For the “local” pool, I’m confused why the WD Black device is listed without -part11 in your pool state. I’ve just re-run through the tutorial referenced above and both my pool devices have the expected -part11 ending. The “local” pool is a bit special, and if you’ve managed to somehow get to your current state there’s probably some edge case that IncusOS needs to properly handle so the old, degraded device is automatically cleaned up.
The failed drive wasn’t the main drive. Back in February, i expanded the pool with the now degraded KINGSTON_SNVS1000G_50026B7685313913 to a raid1. No reinstall needed as the main drive works (the other working Kingston drive)!
I used the linked tutorial back when i installed this host. For the replacement i just ran this single edit command with a completely new WD Black. After that the scrub started and finished successfully as seen in the state.
I could try to reproduce this on a virtual IncusOS tomorrow and write down all my steps i did.
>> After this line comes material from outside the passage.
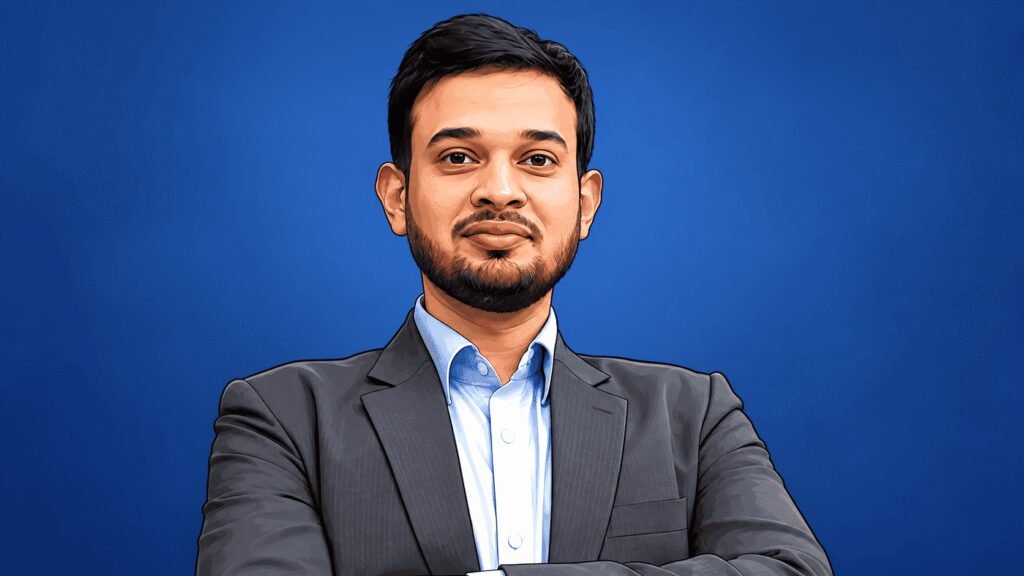 Caricature portrait of Husein Merchant, investment officer at Village Capital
Got it figured out – IncusOS wasn’t properly handling degraded devices that were physically missing, and was instead attempting to extend the existing storage pool instead of replacing the degraded device. I’ve got a fix here: Handle missing degraded storage devices by gibmat · Pull Request #1025 · lxc/incus-os · GitHub . Once that lands in an IncusOS release this particular issue shouldn’t happen again.
To fix up your existing IncusOS system, the easiest way will be to temporarily boot a live Linux environment with ZFS support; you’ll likely need to disable SecureBoot temporarily first, but don’t wipe the SecureBoot keys. Then, you’ll want to remove the second drive from the local zpool by hand. Because the zpool is already a RAID1 mirror, it should be able to tolerate the removal without data loss.
zpool offline local nvme-WD_BLACK_SN8100_1000GB_25413E800328
zpool detach local nvme-WD_BLACK_SN8100_1000GB_25413E800328
zpool status local
After confirming ZFS isn’t warning about data loss, wipe the replacement drive.
Re-enable SecureBoot and boot back into IncusOS. At this point you should essentially be back at the point of being ready to replace the failed drive with the new one. Wait for an updated IncusOS release to have the fix, apply the update, reboot, and then replace your failed drive. Hopefully it should all work as expected.